Busquets è al centro e non più all’origine, e ora l’uscita del pallone è ordinata su più linee di passaggio. Insomma, sono tornate le coordinate per farlo giocare anche ad occhi chiusi; in questo caso si gira e, delle opzioni a disposizione, sceglie Messi.
Un contesto ottimale per Busquets, che può tornare al suo gioco di cucitura semplice e non alla complessità di un gioco creativo. Avere Busquets così alto già nell’uscita del pallone ha il suo vantaggio anche in caso di perdita, perché il Barcellona assesta il possesso più avanti sul campo e può avere Busquets in pressione più avanti, con le spalle coperte da eventuali transizioni.
Averlo più avanti ha i suoi vantaggi per una squadra che vuole recuperare alto.
Adesso il centrale alle sue spalle può uscire dalla linea e anticipare chi va a ricevere alle spalle di Busquets, permettendo al numero 5 di salire con maggiore libertà a recuperare il pallone più vicino alla zona della perdita. Certo, se il primo pressing va a vuoto o se la palla viene persa per una disattenzione, si crea il panico perché ora Busquets ha una prateria alle spalle da dover difendere se con uno scambio viene superato. Ma è un prezzo da pagare per rivederlo finalmente utile al meglio in fase di possesso.
Questo nuovo sistema potrebbe essere solo una fase di passaggio. In ogni caso a fine stagione cambierà allenatore, ma Busquets è un giocatore chiave nella filosofia del Barcellona. Queste ultime partite, in cui è tornato a brillare nei suoi pregi unici, sono un monito per chiunque voglia rifondare il Barcellona dei prossimi anni. Ma anche per lui.

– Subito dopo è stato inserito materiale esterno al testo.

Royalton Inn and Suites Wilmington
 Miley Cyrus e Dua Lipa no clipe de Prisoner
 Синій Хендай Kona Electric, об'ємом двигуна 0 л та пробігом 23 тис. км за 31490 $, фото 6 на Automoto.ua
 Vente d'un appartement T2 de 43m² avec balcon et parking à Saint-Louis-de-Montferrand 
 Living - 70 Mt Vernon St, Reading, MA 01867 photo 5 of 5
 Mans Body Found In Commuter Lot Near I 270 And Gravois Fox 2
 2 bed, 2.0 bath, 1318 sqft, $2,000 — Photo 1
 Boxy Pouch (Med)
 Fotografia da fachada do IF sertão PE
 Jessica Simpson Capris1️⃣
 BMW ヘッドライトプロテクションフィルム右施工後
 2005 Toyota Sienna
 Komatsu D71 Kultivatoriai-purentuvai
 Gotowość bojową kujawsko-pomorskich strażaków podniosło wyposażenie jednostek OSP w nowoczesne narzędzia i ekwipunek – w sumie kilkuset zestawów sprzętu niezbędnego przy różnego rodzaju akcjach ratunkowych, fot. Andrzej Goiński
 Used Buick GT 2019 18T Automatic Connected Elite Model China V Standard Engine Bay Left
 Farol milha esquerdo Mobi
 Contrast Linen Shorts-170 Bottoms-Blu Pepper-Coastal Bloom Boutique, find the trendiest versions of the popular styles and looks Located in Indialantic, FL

Busquets può essere determinante solo a determinate condizioni ed è quindi importante per lui, prima di tutto, avere chiaro dove proseguire il suo percorso. Ha detto che vorrebbe chiudere la carriera negli USA e che una volta ritirato vorrebbe fare l’allenatore per seguire le orme proprio di Guardiola. A breve termine il suo futuro al Barcellona non sembra più scontato come prima, recentemente ha dichiarato che solo due persone possono portarlo via dalla Catalogna: la sua ragazza e Pep Guardiola. Non solo una cortese dimostrazione di riconoscenza, ma anche di consapevolezza dei propri limiti e di come per lui il sistema di gioco conti quanto i compagni che ha attorno.
Busquets, da solo, appassisce come un fiore d’ibisco. Gli serve un ambiente che gli faccia respirare il suo calcio: esprimersi potenziando i compagni, mettendoli nelle condizioni di brillare come i migliori al mondo. Per sé stesso, invece, non ha bisogno di molto.